Wednesday, August 1, 2007

On BizTalk, Assemblies and Deployment, pt. 1

This is the first article in a multi-part series about assemblies and how they relate to BizTalk. This part covers what you need to know about assemblies in general in order to understand what they do and how to deploy them properly. I don't endeavor to cover every detail of .NET assemblies and how they are put together, but this hits most of the big topics. It's a bit long, so feel free to just skim.

The concept of assemblies and the GAC can be very confusing to a BizTalk developer who hasn't interacted with these ideas in .NET before. Fortunately, if you don't want to spend the time, there's no need to have a complete, detailed understanding of what assemblies are and how they work. By grasping a few simple ideas, working with assemblies in BizTalk becomes very easy, and gives you great insight into how BizTalk and .NET actually work with assemblies.

To get a good overall idea of what an assembly is, Wikipedia has a fairly descriptive and high-level article about it: http://en.wikipedia.org/wiki/.net_assembly.

Here's the short-short version: an assembly contains your compiled code, resources, and some metadata about that code and those resources.
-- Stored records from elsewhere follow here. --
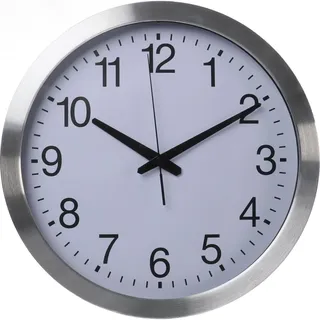Perel Analoge Wanduhr 40 cm 40 cm grau/silber/weiß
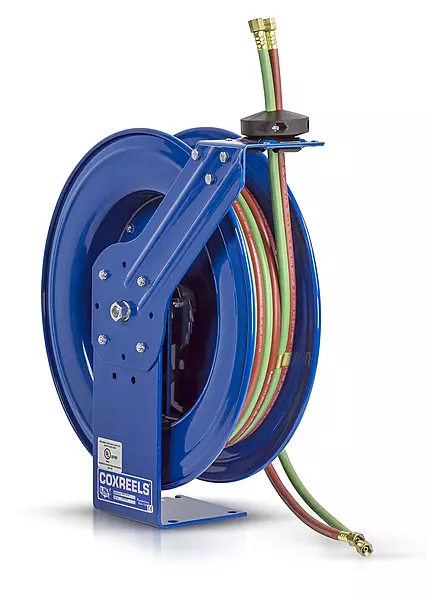 Coxreels Industrial Welding Reel with Oxygen-Acetylene Dual Hose, Model# SHW-N-150, 1/4" Hose ID,Blue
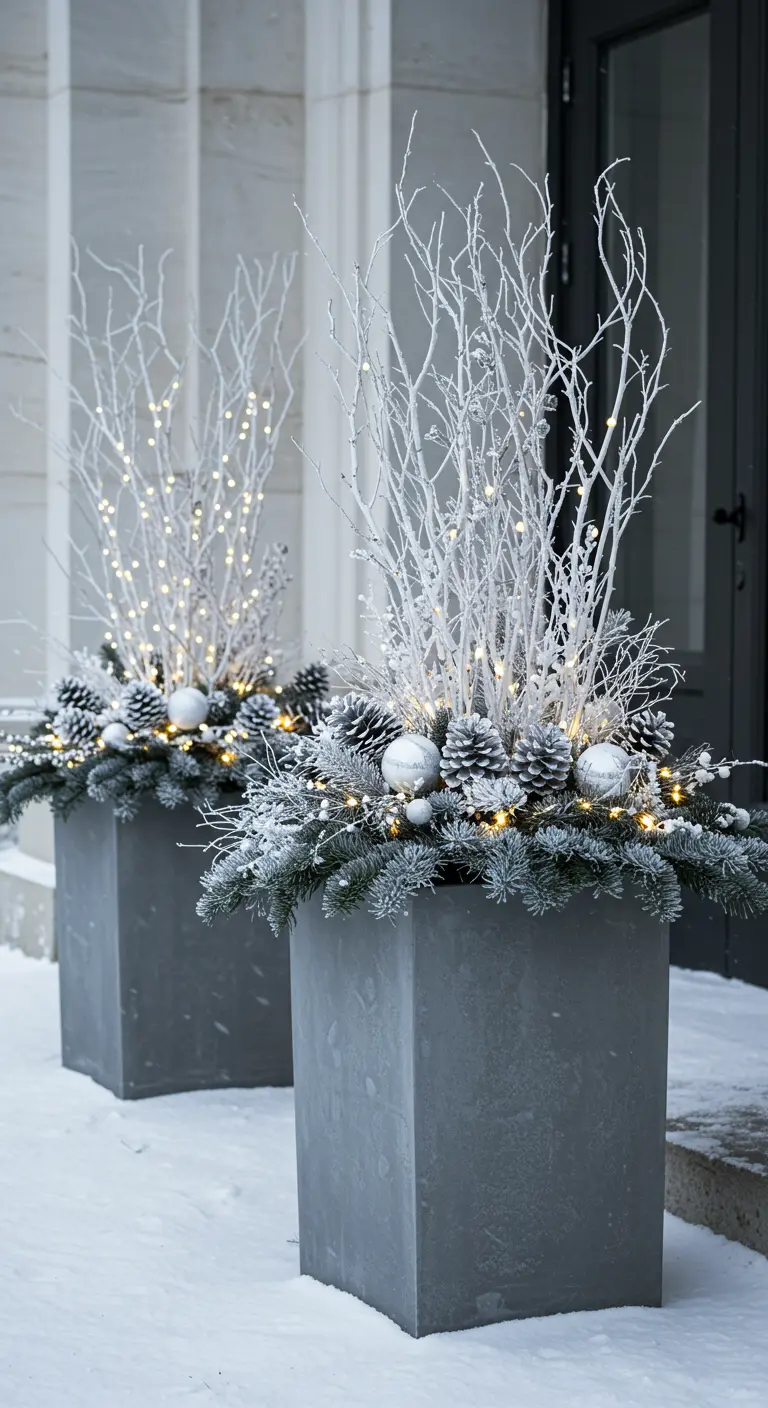 Gray concrete planters with an all-white and silver arrangement of branches and baubles.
That's about it. Typically, a "project" in Visual Studio (which can consist of multiple code files, resources, references to other assemblies, etc.) equates to an assembly - a single .dll or .exe file. When you build that project it compiles your code and puts all of those other resources together in a big pile and stuffs it into a .dll or .exe. Additionally, it creates an "index" of machine-readable metadata that is incredibly useful - it contains all the information about what callable methods are in that code, it powers Visual Studio's IntelliSense functionality, and generally provides enough information to let everything outside of the assembly know what it does - just not how exactly it does it. Whenever you create any kind of application, all of the code and resources used to run it are in one or more .dll or .exe files. If you make a lot of little one-off "toolbelt" applications that are contained in a single Visual Studio project, that .exe that you get after you build has all of the code in it. If you were to spread the code over multiple projects and add the appropriate references within those projects, then when you ran the .exe and did something in your application that required code in one of those assemblies, the assembly it needs must be in the right place or the application will throw an exception. What is "the right place" for an assembly? I'll discuss that momentarily.
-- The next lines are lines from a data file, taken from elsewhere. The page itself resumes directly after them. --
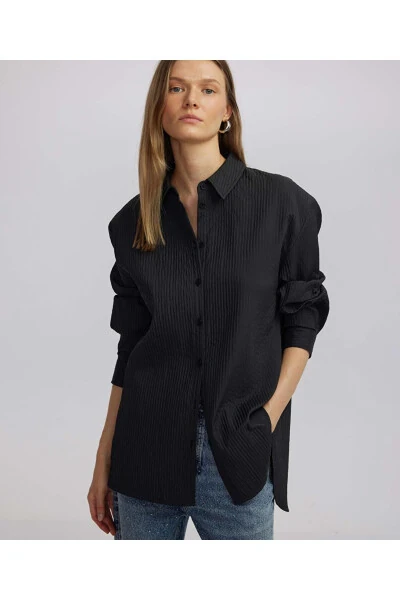 Dokulu oversize gömlek - İPEKYOL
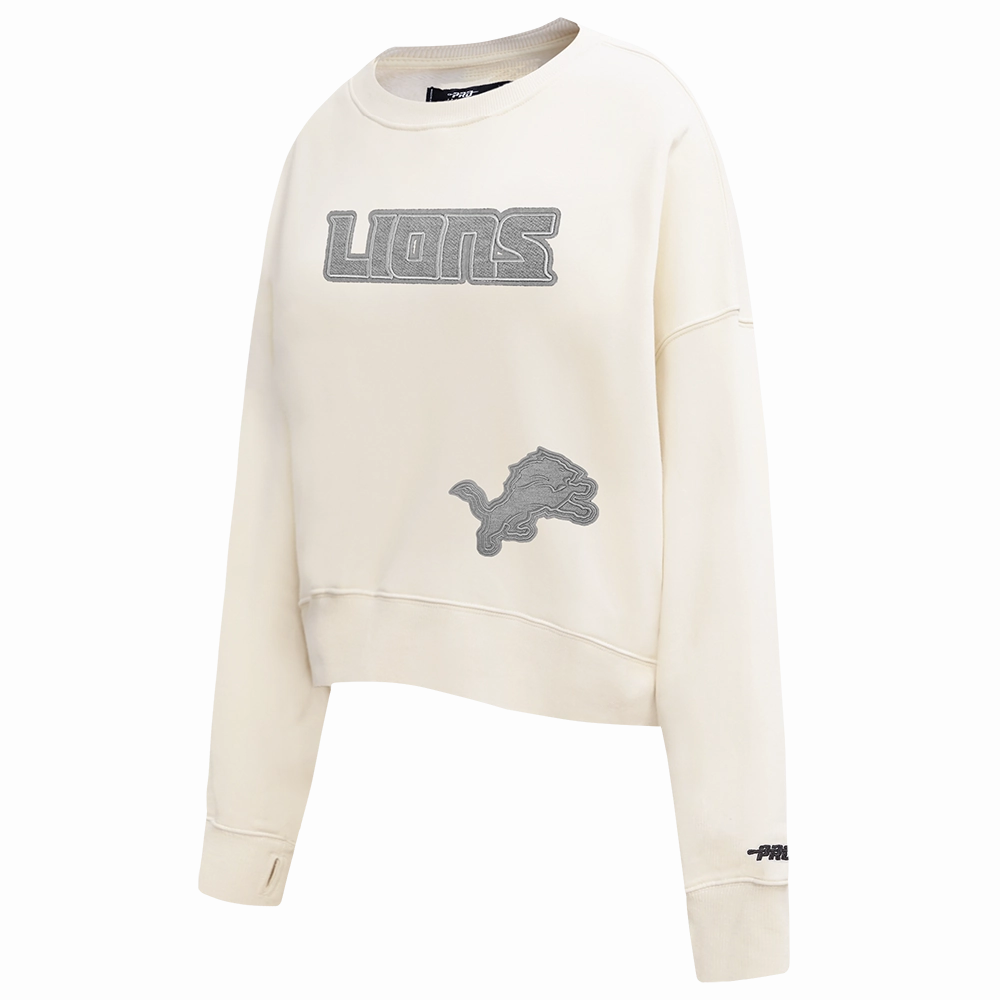 NFL DETROIT LIONS REVERSE FRENCH TERRY WOMEN'S FLEECE CREWNECK (EGGSHELL)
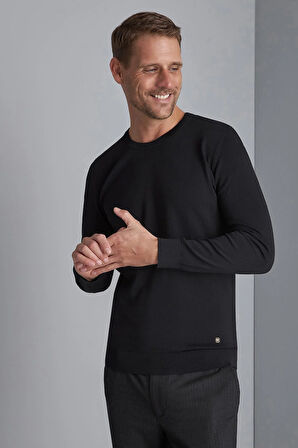 Siyah Slim Fit Dar Kalıp Bisiklet Yaka Düz Uzun Kollu  Triko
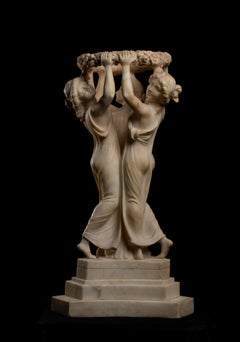 Neoklassische Skulptur aus weißem Marmor und Alabaster Drei Grazien Signiert Cipriani 19.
The next important bit about assemblies is how they are named. A name might seem trivial, but it contains a lot of information and is a guaranteed unique identifier for the assembly. The full name of an assembly has four parts: The short name, the version, the culture, and the public key token.
  • The short name is typically the name of the assembly without the file extension, e.g. NW.Applications.MyAssembly. This short name is also typically used as the namespace of all of the modules in the assembly - a namespace is simply something that helps to uniquely identify a module. There's lots of code in the universe, and it's highly likely that for every module, there's another module out there with the same name - let's take a hypothetical module called NumberCruncher. The namespace is like a surname that gets tacked onto it, usually containing a company name or a product name, that guarantees that those two modules with the same name are still unique - NumberCruncher in the NW.Applications.MyAssembly namespace is different from the NumberCruncher module in the ABC.Software.EnterpriseApps namespace. For this reason, many assembly names are like my sample one above: multiple tokens separated with dots, each token representing some kind of arbitrary hierarchy that's unique to my company or organization.
  • The version number of the assembly, presented like so: 1.0.4.0. The names for each of those values are "major version," "minor version", "build" and "revision." Major version is typically used to signify the product version: Is this SuperToolbox 2 or 3? Minor version represents things like service packs or patches. Build number is typically incremented by the developer every time the assembly is built - this number is often represented by four digits (filling in zeroes if necessary) because builds happen thousands of times. The last number can be used for things like hot fixes. Some developers may increment the last two numbers based on the date and time the build was completed at. Here's the important bit about versions: Two versions of the same assembly can co-exist within the GAC (keep reading), and are unique! Note that an assembly has an "assembly version" and a "file version." The one that really counts here is the assembly version. These two version numbers don't necessarily have to always be the same: one way to manage version numbers is to only increment the file version while you are developing. This helps avoid confusion with version numbers when you keep redeploying your code for testing - the assembly version always stays the same, but the file version (which does not make an assembly unique, but can still be viewed) can be used to determine exactly what build you are using.
  • Culture provides information about the language that the assembly is presented in (human language, not programming language). This will typically be "neutral."
  • Public key token: a 16-character hexadecimal string, the public half of a public-key cryptography pair. I won't discuss the details of how public-key cryptography works here, but the short and long of it is that only people who have the private half of the key can generate assemblies that have that public half of the key. This token essentially ensures that the assembly has come from a certain author and is guaranteed authentic. An assembly does not have to be given a public key token. If it has one, it can be called a "strongly-named assembly." Assigning a strong name is done in Visual Studio using a .snk file, which can be generated by using a Visual Studio command-line tool. An assembly must be strongly-named to be placed in the GAC.
So... what's the GAC? The GAC is the Global Assembly Cache, a universal repository of strong-named assemblies on your machine. Any assembly placed here is globally accessible and can be referenced easily and shared by multiple applications. An assembly can co-exist here with other assemblies that have the same short name, so long as they have different versions. Try browsing to C:\Windows\Assembly (the Assembly folder in your Windows install directory, wherever that might be): what you will see isn't actually a folder on your disk, but a specially-crafted view of all the assemblies in the GAC. There's a folder structure under there, but it's generally irrelevant to human beings. Try right-clicking on a few assemblies and click Properties to see interesting info about them.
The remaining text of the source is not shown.